Giving Compass' Take:

• Jackie Marchildon explains that the threat of antimicrobial resistance is largely invisible and therefore underappreciated. 

• How can funders work to spread awareness and understanding of the dangers of antimicrobial resistance?

• Learn about the One Health to antimicrobial resistance.


How did antimicrobial resistance (AMR) happen and what exactly does it mean?

In recent years, AMR has become one of the biggest health threats around the world. And yet, most people know very little about it.

“People have a face for polio, they have a face for measles,” Jyoti Joshi, the head of South Asia for the Center for Disease Dynamics, Economics & Policy (CDDEP), told Global Citizen. “But AMR is something distant and not personal.”

When someone dies of an antibiotic-resistant infection, she explains, there’s no certification saying that they died from the infection because they were resisting antibiotics — people just see that it was from an infection.

But AMR actually causes 700,000 deaths per year, and by 2050, that number could reach 10 million worldwide, according to the 2014 Review on Antimicrobial Resistance.
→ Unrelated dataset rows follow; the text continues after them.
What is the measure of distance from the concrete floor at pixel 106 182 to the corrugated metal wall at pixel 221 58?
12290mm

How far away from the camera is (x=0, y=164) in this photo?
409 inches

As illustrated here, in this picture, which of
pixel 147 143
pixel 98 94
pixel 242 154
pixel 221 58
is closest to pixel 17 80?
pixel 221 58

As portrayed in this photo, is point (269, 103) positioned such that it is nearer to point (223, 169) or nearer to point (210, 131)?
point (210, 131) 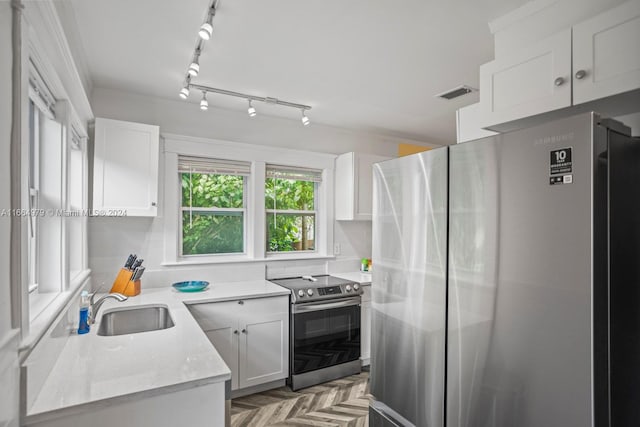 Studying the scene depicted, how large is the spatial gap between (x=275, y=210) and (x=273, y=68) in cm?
155

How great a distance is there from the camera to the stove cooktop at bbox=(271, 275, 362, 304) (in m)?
3.00

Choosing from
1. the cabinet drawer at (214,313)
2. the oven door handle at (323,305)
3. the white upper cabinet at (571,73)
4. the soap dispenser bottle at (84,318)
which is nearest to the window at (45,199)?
the soap dispenser bottle at (84,318)

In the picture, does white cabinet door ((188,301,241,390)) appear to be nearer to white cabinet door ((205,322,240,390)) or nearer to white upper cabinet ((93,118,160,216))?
white cabinet door ((205,322,240,390))

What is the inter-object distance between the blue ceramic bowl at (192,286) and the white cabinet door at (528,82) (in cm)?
233

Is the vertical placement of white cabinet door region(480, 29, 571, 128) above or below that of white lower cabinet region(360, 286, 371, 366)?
above

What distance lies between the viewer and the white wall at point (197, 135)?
2793 mm

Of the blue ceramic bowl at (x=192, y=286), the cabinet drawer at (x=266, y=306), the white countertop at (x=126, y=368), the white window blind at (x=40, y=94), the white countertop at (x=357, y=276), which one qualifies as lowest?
the cabinet drawer at (x=266, y=306)

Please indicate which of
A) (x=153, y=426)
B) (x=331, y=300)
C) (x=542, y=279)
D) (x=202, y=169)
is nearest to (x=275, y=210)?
(x=202, y=169)

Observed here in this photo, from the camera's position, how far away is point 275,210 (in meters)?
3.60

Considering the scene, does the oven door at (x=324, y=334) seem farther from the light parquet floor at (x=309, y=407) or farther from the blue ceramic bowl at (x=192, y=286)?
the blue ceramic bowl at (x=192, y=286)

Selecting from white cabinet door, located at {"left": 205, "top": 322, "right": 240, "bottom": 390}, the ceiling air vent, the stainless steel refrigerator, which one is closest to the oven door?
white cabinet door, located at {"left": 205, "top": 322, "right": 240, "bottom": 390}

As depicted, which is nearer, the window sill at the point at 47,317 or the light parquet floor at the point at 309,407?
the window sill at the point at 47,317

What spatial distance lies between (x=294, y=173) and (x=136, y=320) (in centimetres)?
Result: 197

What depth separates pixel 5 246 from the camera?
1.00 meters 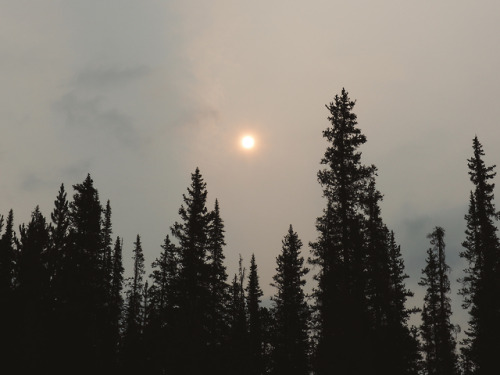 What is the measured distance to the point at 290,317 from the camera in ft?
149

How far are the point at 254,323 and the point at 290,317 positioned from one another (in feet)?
28.4

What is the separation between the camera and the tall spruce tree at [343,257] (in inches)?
836

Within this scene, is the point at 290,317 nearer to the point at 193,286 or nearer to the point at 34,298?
the point at 193,286

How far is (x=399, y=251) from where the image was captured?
4409cm

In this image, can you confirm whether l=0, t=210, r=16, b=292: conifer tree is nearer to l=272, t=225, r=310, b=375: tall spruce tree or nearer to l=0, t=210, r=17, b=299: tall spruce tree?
l=0, t=210, r=17, b=299: tall spruce tree

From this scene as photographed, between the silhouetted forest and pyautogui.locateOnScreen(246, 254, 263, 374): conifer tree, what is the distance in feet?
0.73

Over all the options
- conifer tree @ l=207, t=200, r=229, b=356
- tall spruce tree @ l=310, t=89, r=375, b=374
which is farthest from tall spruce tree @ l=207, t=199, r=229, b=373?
tall spruce tree @ l=310, t=89, r=375, b=374

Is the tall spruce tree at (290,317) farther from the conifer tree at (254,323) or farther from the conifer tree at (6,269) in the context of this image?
the conifer tree at (6,269)

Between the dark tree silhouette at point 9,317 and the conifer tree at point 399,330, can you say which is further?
the conifer tree at point 399,330

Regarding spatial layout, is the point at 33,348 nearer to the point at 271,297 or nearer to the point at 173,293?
the point at 173,293

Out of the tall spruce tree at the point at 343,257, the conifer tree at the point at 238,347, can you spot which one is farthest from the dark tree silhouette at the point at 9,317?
the conifer tree at the point at 238,347

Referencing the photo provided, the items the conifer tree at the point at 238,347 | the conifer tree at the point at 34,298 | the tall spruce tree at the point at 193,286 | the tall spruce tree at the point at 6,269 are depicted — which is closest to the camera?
the conifer tree at the point at 34,298

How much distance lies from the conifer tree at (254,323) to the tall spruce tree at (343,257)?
76.4 ft

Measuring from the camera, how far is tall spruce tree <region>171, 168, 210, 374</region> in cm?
3456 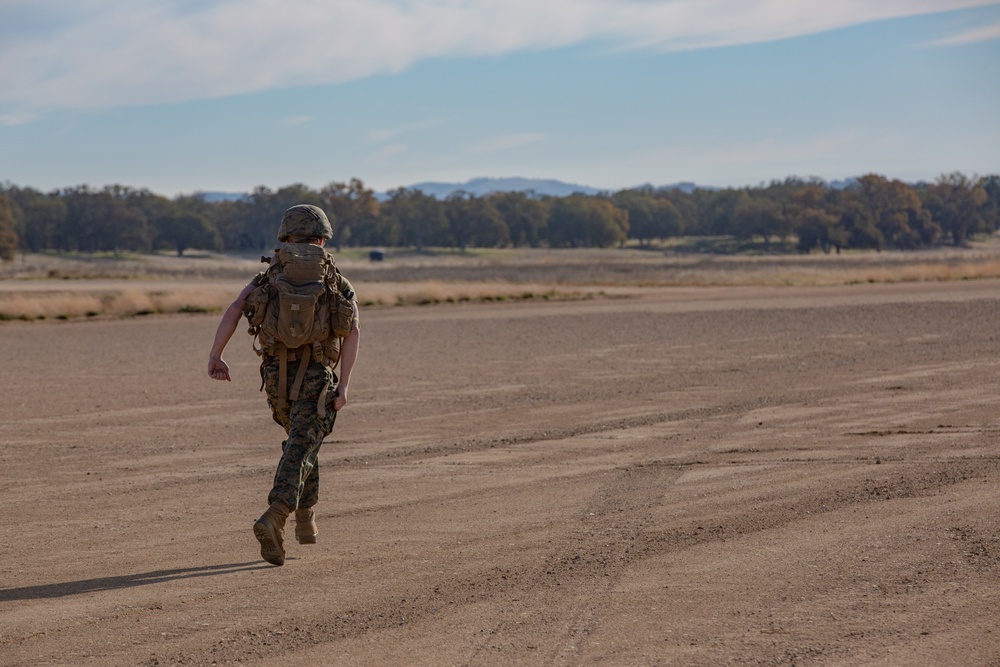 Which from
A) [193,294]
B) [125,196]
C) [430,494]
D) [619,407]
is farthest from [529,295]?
[125,196]

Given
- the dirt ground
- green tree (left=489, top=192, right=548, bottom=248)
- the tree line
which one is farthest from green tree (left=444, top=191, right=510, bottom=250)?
the dirt ground

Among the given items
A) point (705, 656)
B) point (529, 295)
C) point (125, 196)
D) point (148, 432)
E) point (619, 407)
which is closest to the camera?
point (705, 656)

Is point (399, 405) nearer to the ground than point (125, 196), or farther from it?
nearer to the ground

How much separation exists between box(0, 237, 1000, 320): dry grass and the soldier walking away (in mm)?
27700

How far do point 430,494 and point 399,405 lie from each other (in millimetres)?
5658

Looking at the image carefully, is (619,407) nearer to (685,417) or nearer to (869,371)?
(685,417)

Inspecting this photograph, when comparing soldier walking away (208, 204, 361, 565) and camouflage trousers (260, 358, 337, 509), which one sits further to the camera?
camouflage trousers (260, 358, 337, 509)

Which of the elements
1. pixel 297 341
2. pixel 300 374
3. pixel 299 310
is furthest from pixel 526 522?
pixel 299 310

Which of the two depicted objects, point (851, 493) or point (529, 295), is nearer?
point (851, 493)

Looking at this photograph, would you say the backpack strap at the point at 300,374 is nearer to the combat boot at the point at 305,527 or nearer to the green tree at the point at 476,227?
the combat boot at the point at 305,527

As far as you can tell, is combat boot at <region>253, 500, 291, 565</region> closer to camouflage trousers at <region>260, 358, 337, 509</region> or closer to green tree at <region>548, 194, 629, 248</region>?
camouflage trousers at <region>260, 358, 337, 509</region>

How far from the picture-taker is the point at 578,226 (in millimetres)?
141875

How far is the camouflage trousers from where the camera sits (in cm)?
623

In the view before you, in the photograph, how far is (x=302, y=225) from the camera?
20.5 ft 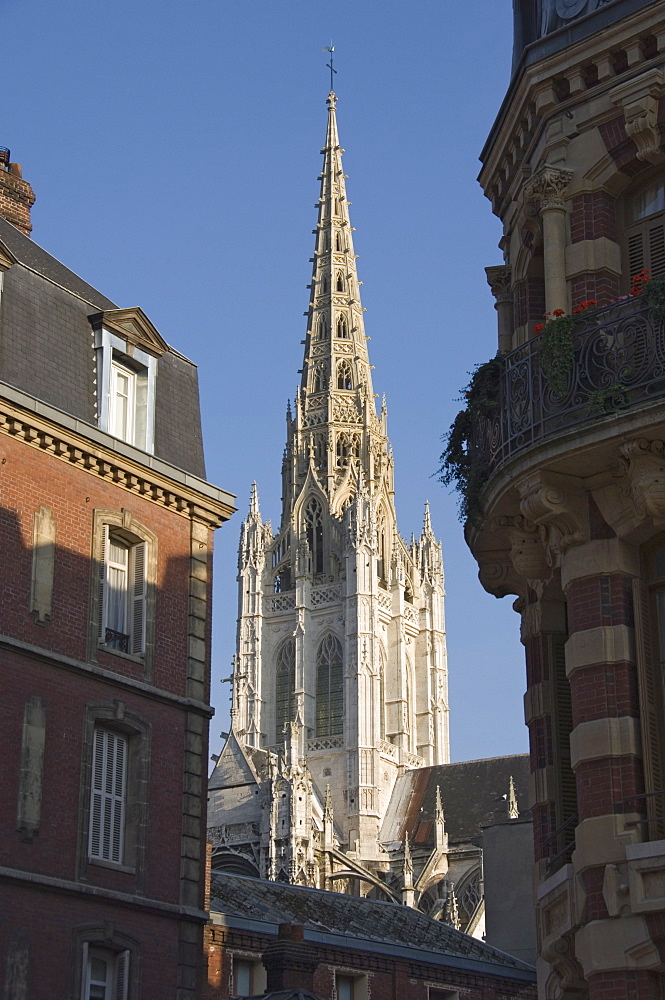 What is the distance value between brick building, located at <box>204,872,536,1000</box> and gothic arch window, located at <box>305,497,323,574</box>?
63756 millimetres

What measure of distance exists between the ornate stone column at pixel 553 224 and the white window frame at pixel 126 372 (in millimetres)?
10472

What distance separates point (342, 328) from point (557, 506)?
94.6m

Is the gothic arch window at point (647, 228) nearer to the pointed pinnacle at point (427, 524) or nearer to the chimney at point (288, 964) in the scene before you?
the chimney at point (288, 964)

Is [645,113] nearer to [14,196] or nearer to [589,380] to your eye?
[589,380]

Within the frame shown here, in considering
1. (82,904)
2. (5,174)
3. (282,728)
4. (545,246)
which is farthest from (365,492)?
(545,246)

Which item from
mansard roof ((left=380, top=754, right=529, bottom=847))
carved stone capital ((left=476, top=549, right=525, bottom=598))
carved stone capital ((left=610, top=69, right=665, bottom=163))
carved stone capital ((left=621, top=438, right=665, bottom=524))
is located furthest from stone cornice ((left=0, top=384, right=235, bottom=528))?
mansard roof ((left=380, top=754, right=529, bottom=847))

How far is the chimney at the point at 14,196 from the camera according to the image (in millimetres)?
27219

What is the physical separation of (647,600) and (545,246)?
138 inches

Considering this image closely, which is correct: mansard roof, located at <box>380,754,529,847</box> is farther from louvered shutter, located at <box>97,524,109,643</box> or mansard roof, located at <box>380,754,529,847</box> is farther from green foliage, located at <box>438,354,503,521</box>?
green foliage, located at <box>438,354,503,521</box>

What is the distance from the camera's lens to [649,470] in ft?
39.9

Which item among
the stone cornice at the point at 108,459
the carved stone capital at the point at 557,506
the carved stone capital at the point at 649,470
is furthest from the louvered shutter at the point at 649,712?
the stone cornice at the point at 108,459

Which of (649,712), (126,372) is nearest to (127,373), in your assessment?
(126,372)

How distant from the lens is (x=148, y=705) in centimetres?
2267

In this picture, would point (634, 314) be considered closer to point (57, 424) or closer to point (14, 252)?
point (57, 424) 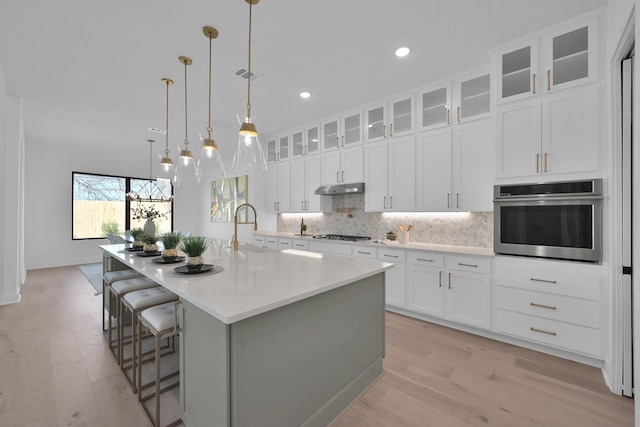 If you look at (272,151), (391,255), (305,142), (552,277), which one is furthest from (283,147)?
(552,277)

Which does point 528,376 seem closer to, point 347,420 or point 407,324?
point 407,324

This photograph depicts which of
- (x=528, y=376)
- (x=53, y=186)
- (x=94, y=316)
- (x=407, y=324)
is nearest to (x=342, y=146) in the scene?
(x=407, y=324)

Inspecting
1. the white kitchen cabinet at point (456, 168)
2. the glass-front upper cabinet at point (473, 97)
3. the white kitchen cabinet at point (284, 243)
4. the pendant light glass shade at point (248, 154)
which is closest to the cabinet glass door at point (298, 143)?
the white kitchen cabinet at point (284, 243)

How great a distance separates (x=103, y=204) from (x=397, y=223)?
7431 mm

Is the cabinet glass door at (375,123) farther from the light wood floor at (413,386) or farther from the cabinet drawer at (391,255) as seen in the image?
the light wood floor at (413,386)

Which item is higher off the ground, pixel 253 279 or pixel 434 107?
pixel 434 107

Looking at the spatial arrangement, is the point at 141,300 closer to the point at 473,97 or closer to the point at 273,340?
the point at 273,340

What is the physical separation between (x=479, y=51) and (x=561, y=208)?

“People often go [to the doctor], and they have an agenda,” Dr. Andrew Morris, medical director of the Sinai Health System-University Health Network Antimicrobial Stewardship Program, told Global Citizen. “‘I’m coming here because I need an antibiotic.’ And so, the expectation — and some degree the measure of satisfaction — will be based on whether or not the antibiotic was prescribed.”

But it’s more than that.

In Canada, for instance, Morris notes that 80% to 90% of antibiotics are used on animals (to increase growth rates or to protect their health), meaning only 10% to 20% are used on humans. The trouble is, about 90% of the Canadian population eats animals. Because humans are regularly ingesting antibiotics through meat in their diets, they're becoming more resistant to antibiotics.

Morris, as well as Joshi, both referenced the need to focus on AMR with the One Health approach, which is the concept of various disciplines working together locally, nationally, and globally to address health care for people, animals, and the environment.